# [Work task]
Repeat, line for line, the entries below from the first line to the line containing "fungo-white-table-lamp-anzaz--19", counting both ends.

# [Data for this exercise]
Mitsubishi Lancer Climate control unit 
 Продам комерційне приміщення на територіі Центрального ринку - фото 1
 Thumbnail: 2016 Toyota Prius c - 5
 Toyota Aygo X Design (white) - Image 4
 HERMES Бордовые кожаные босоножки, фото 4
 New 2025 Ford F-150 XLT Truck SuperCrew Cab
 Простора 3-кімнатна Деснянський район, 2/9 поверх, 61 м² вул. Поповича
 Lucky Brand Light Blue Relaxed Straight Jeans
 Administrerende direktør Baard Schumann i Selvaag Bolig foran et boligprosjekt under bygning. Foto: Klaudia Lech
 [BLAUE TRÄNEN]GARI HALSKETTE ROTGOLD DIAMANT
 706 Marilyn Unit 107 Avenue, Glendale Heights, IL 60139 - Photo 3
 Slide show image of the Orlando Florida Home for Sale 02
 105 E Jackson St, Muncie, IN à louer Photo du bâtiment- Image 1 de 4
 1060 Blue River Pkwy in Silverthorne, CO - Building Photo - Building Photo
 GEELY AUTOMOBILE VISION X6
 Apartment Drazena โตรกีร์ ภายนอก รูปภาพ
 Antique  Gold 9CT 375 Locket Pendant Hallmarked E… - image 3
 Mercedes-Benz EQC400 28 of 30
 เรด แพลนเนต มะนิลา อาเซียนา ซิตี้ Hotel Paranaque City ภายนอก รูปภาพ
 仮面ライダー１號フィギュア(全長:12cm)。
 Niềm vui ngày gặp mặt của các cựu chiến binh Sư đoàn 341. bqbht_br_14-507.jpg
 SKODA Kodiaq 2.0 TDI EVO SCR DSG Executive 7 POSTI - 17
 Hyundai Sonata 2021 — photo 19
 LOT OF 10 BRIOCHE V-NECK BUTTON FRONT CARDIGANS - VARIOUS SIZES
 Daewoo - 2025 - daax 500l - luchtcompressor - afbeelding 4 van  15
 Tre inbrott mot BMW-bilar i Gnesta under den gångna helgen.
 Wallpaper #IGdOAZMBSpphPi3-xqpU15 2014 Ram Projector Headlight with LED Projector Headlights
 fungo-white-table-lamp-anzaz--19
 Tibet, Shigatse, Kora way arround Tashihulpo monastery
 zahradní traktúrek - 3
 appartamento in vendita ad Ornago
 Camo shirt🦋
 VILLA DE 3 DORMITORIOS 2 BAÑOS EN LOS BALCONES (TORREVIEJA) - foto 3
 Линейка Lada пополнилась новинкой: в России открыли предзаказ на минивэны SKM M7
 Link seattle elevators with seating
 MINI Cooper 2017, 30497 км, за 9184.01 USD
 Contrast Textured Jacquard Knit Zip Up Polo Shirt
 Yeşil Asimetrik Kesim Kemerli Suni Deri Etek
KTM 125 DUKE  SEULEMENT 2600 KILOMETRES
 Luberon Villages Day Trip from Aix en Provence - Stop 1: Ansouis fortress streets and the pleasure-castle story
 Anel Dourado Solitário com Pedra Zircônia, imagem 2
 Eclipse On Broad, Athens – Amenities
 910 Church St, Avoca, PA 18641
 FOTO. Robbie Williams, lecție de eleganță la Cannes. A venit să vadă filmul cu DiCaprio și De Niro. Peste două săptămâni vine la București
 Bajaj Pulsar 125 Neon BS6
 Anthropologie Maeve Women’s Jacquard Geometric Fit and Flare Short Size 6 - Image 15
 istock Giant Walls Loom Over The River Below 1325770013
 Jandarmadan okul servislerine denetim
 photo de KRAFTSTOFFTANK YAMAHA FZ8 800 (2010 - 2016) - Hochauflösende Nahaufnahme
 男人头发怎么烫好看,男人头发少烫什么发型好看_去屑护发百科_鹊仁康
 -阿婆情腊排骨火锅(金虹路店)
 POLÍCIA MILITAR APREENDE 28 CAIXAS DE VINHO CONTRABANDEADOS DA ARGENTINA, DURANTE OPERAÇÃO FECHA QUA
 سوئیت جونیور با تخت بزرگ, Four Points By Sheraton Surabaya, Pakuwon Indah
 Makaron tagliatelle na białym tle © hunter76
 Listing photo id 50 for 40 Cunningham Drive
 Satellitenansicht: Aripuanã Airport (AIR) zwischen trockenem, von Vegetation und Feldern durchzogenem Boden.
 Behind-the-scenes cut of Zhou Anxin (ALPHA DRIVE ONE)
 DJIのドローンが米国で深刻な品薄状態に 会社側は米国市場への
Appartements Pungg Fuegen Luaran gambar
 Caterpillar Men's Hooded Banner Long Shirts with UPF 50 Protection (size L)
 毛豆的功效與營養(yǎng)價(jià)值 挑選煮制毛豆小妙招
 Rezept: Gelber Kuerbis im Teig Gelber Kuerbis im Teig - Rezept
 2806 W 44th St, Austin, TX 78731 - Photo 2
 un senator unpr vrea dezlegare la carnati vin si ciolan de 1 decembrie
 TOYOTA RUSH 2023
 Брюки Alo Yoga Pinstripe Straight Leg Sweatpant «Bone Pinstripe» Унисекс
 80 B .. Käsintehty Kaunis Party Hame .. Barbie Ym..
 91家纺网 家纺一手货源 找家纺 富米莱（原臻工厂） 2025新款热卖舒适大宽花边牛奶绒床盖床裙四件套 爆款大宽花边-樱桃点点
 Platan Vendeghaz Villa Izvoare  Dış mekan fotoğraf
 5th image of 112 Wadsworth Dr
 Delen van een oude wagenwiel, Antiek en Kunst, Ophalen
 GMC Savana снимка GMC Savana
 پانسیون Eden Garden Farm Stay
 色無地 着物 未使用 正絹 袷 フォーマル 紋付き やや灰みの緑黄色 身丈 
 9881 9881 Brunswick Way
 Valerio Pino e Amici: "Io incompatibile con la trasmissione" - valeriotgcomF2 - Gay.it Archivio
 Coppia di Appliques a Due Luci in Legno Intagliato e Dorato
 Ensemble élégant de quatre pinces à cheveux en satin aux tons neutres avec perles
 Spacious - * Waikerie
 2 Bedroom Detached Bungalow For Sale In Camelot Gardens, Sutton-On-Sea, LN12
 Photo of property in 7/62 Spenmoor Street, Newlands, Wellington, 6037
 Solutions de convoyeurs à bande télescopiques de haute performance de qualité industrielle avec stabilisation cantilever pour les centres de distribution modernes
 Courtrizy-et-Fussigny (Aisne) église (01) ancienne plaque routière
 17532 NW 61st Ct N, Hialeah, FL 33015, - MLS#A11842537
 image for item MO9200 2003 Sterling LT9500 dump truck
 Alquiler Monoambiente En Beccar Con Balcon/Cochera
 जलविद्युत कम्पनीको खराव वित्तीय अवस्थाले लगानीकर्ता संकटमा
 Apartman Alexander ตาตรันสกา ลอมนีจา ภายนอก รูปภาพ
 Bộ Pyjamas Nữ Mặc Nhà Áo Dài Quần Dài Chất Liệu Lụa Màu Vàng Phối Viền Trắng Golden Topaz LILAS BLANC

# [Finished exercise]
Mitsubishi Lancer Climate control unit 
 Продам комерційне приміщення на територіі Центрального ринку - фото 1
 Thumbnail: 2016 Toyota Prius c - 5
 Toyota Aygo X Design (white) - Image 4
 HERMES Бордовые кожаные босоножки, фото 4
 New 2025 Ford F-150 XLT Truck SuperCrew Cab
 Простора 3-кімнатна Деснянський район, 2/9 поверх, 61 м² вул. Поповича
 Lucky Brand Light Blue Relaxed Straight Jeans
 Administrerende direktør Baard Schumann i Selvaag Bolig foran et boligprosjekt under bygning. Foto: Klaudia Lech
 [BLAUE TRÄNEN]GARI HALSKETTE ROTGOLD DIAMANT
 706 Marilyn Unit 107 Avenue, Glendale Heights, IL 60139 - Photo 3
 Slide show image of the Orlando Florida Home for Sale 02
 105 E Jackson St, Muncie, IN à louer Photo du bâtiment- Image 1 de 4
 1060 Blue River Pkwy in Silverthorne, CO - Building Photo - Building Photo
 GEELY AUTOMOBILE VISION X6
 Apartment Drazena โตรกีร์ ภายนอก รูปภาพ
 Antique  Gold 9CT 375 Locket Pendant Hallmarked E… - image 3
 Mercedes-Benz EQC400 28 of 30
 เรด แพลนเนต มะนิลา อาเซียนา ซิตี้ Hotel Paranaque City ภายนอก รูปภาพ
 仮面ライダー１號フィギュア(全長:12cm)。
 Niềm vui ngày gặp mặt của các cựu chiến binh Sư đoàn 341. bqbht_br_14-507.jpg
 SKODA Kodiaq 2.0 TDI EVO SCR DSG Executive 7 POSTI - 17
 Hyundai Sonata 2021 — photo 19
 LOT OF 10 BRIOCHE V-NECK BUTTON FRONT CARDIGANS - VARIOUS SIZES
 Daewoo - 2025 - daax 500l - luchtcompressor - afbeelding 4 van  15
 Tre inbrott mot BMW-bilar i Gnesta under den gångna helgen.
 Wallpaper #IGdOAZMBSpphPi3-xqpU15 2014 Ram Projector Headlight with LED Projector Headlights
 fungo-white-table-lamp-anzaz--19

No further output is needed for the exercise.